### PROMPT:
Take the line with "Bull Skull With Sunflower T Shirts" and every line after it, through the end of the listing, and give them again exactly, pictures excluded.

### RECORDED DATA:
>>>
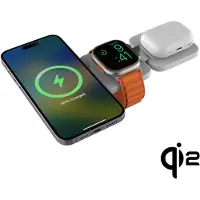 CubeNest EQ310 3-in-1 magnetische draadloze oplader compatibel met MagSafe-technologie - voor Apple Watch, iPhone 12-17 (Alle modellen), AirPods, Qi2-apparaten (wit)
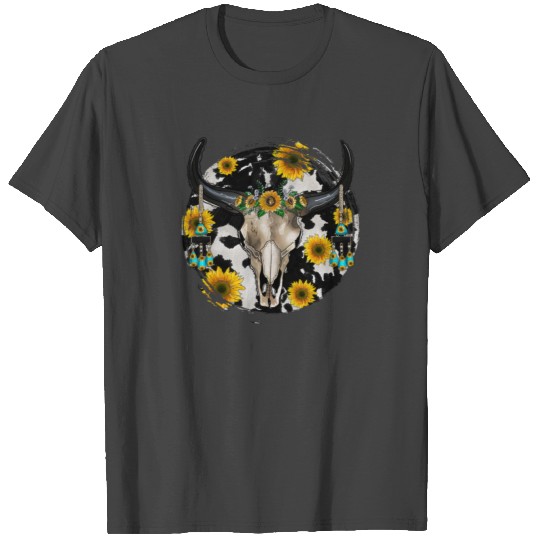 Bull Skull With Sunflower T Shirts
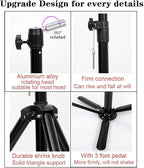 Upgraded Wig Stand Tripod, 55" Heavy Duty Reinforced Adjustable Mannequin Head Stand Tripod for Styling Cosmetology Hairdressing Training, Metal Wig Head Stand Holder with Wig Caps,Paddle Comb T-Pins (55" Black Tripod with Pedal)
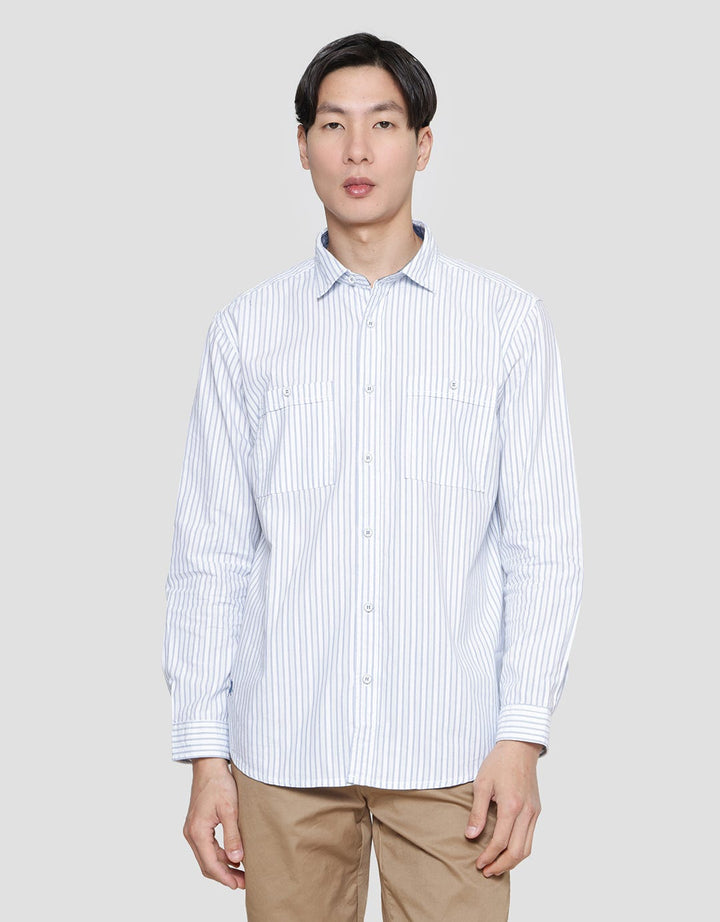 Lois Stripe Print Kemeja Lengan Panjang Pria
<<<
### REPLY TO THE EXERCISE:
 Bull Skull With Sunflower T Shirts
 Upgraded Wig Stand Tripod, 55" Heavy Duty Reinforced Adjustable Mannequin Head Stand Tripod for Styling Cosmetology Hairdressing Training, Metal Wig Head Stand Holder with Wig Caps,Paddle Comb T-Pins (55" Black Tripod with Pedal)
 Lois Stripe Print Kemeja Lengan Panjang Pria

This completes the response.